From "Korean Art Collection in the Brooklyn Museum" catalogue.
Mandarin ducks mate for life and tend to travel in pairs. As a result, many Asian cultures associate pairing and marriage with the ducks.
From Accession Card:
Red and Black lacquer on wood, zelkova burl panels, pine side and back panels, brass fittings. This large, rectangular chest, with its multiplicity of panels and moldings and ornamental hardware, indicate it was made for the women's quarters in the home of a member of the royal family. Chests decorated with red and black lacquer were usually restricted to royal use. Confucianism required upper class Yi Dynasty men and women to maintain separate living quarters within the same house. They ate separately, slept separately, although husbands could visit their wives during the night. The chest rests on low, somewhat curved feet, painted a dull red and bound at the corners with brass plaques. The front of the chest is divided into two lower compartments side by side, two larger upper compartments one about another and a small top row of small flat drawers. Each compartment has double doors that hinge at the sides. The main frames and most of the moldings are in black lacquer, as are the five low panels across the bottom.
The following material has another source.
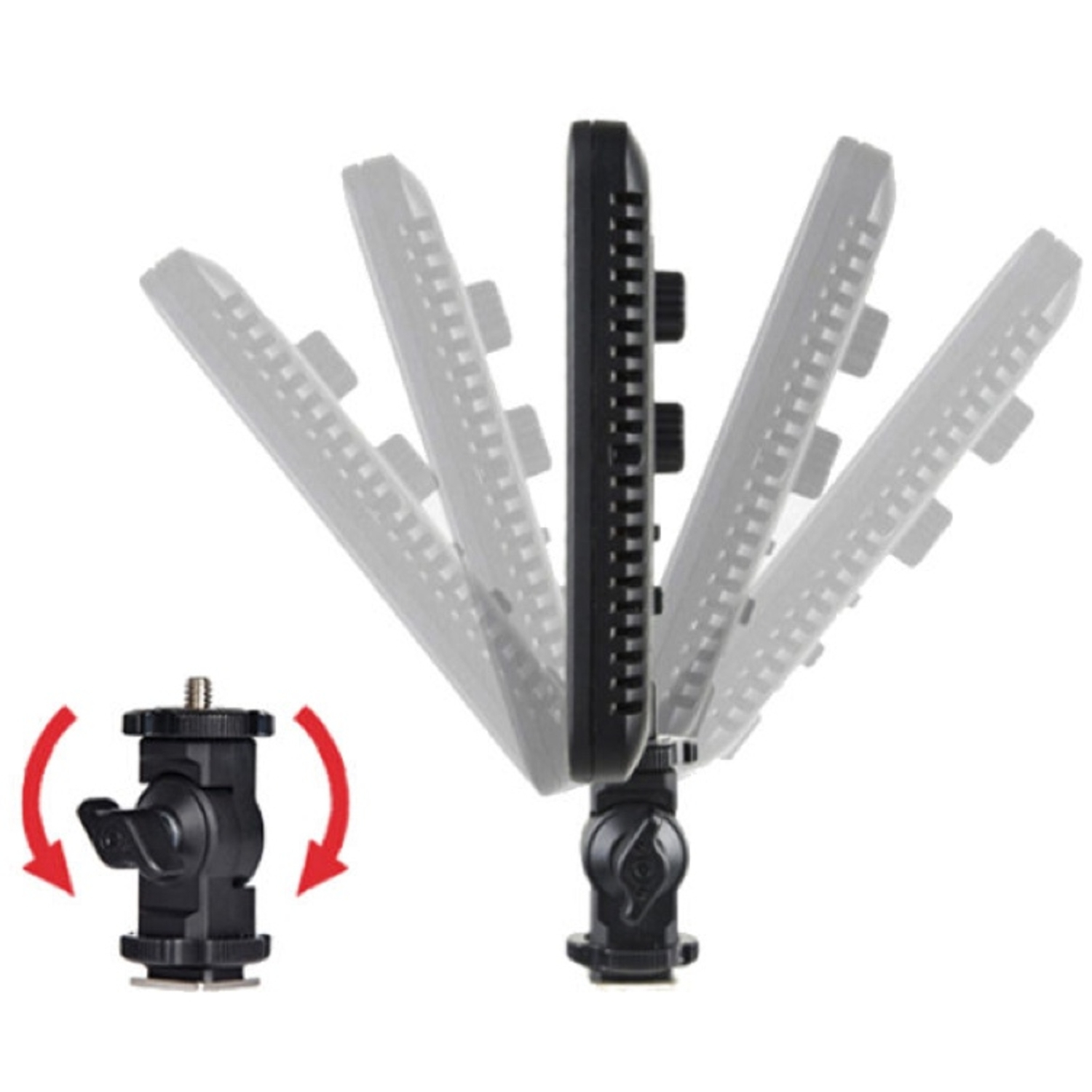 Godox Led P120C Adapter Kit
The frames of the upper and middle pairs of doors are in red lacquer. The door panels, the fronts of the four small drawers across the top are zelkova burl wood: the side panels and back panels of this chest are made of pine and are undecorated. The brass fittings on this Chest are unusually elaborate; the hinges, latch plates, drawer pulls and corner fittings all have complex ornamental openwork. Decorative brass plaques depicting plants and songbirds were applied to each main panel on the front. The interior is papered, but the paper is now torn.
Condition: The chest is slightly chipped in places and the black is worn from some of the mouldings. Two locks and on plaque are missing. The center panel on the right side is cracked. Left rear leg weak; should be repaired.